Eros (2004)

2005-04-08 (Limited release)

The thematic center of Eros is erotic desire. The formal conceit is more daring and less interesting: divided into three parts, it’s designed as a “tribute to” Michelangelo Antonioni, who directs one section, with others by Wong Kar-Wai and Steven Soderbergh. And its misconception is obvious from the start: it opens with a series of drawings, suggestively posed figures on faux oriental tapestries, set to a charming, mildly romantic, Caetano Veloso song (a tribute to Antonioni). It’s adult contemporary eroticism.
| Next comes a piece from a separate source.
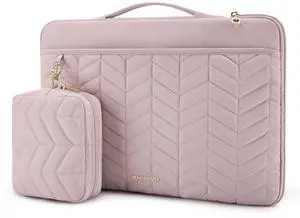 BAGSMART 15-15.6 Inch Laptop Case Sleeve for Women, Puffy Shockproof Laptop Bag with Accessories Pouch and Handle, Lightweight Computer Case Compatible with Dell, HP, MacBook Air/Pro, Dusty Pink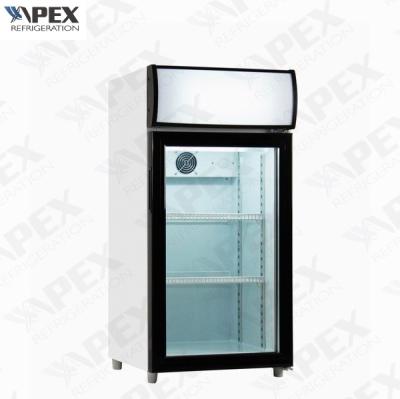 China Electricity Beverage Countertop Display Fridge With Double Layer Glass Door for sale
The tone shifts with Wong Kar-Wai’s The Hand, which hits its mark (and is fortuitously set as the first piece, giving you an opportunity to duck out early.) Set in the 1960s, it follows Miss Hua (Gong Li in some of the most gorgeous dresses ever photographed), a sultry but also wistful Hong Kong call girl. Following a passionate and random sexual encounter, her tailor, Zhang (Chang Chen), becomes lost in a web of infatuation. Their intimate (and random) encounter has awakened a passion for life inside of him that he focuses on his dressmaking. His desire reaches a boiling point after Miss Hua contracts an illness and becomes a shell of what she once was. Zhang sees his chance to reawaken her in much the same way that she has done for him.

Their passion builds up until it informs every gesture. But, unlike the other two sections, Wong Kar-Wai’s doesn’t focus on a kinesthesis of desire at the expense of an emotional undercarriage. The Hand ends with a fragile and wounded Zhang staring into the narrow confines of his tailor shop, his eyes misting with his yet unrealized yearning. The vulnerability of this tableau is far sexier than everything else in Eros. The Hand distills the intimacy and frustration of Wong’s greatest films (In the Mood for Love, Chungking Express) down to a quarter of the length of last year’s 2046 without losing any of its emotional impact.

And so it’s a shame that Soderbergh’s decidedly un-erotic, one-note show, Equilibrium, is so tedious and trite. A half-realized exercise in which Nick (Robert Downey Jr.) is a patient of psychiatrist Dr. Pearl (Alan Arkin), it serves primarily as segueway to Antonioni’s pretentiously titled The Dangerous Thread of Things (Il Filo pericoloso delle cose). Featuring the most skin and the most direct treatment of sex of the three, this section focuses on the interrelations of Christopher (Christopher Buchholzm), Chloe (Regina Nemni), and Linda (Luisa Ranieri).

While Wong Kar-Wai’s eroticism is complemented by Christopher Doyle’s camera’s too-closeness, Antonioni’s evocation suffers from the opposite problem. Since it doesn’t generate sympathy for its bickering characters, the eventual sex scene seems listless, even strangely pornographic. Antonioni’s films are often characterized by their passion and eroticism, usually illustrated with innovative and suggestive camerawork. But here the angles and framing are secondary to the bodies, which fail to elicit any emotional response from the viewer. The characters’ serial pairings are increasingly intercut with long, seemingly thoughtful looks at the pretty countryside (hollowly echoing Antonioni’s trademark exploration of space, epitomized in L’avventura), until their dialogue finally dries up completely, and the old master brings it on home with some nude new wave movement exercises on the beach. Eros aims high. But aside from Wong Kar-Wai’s effectively compressed erotic musings, it falls short.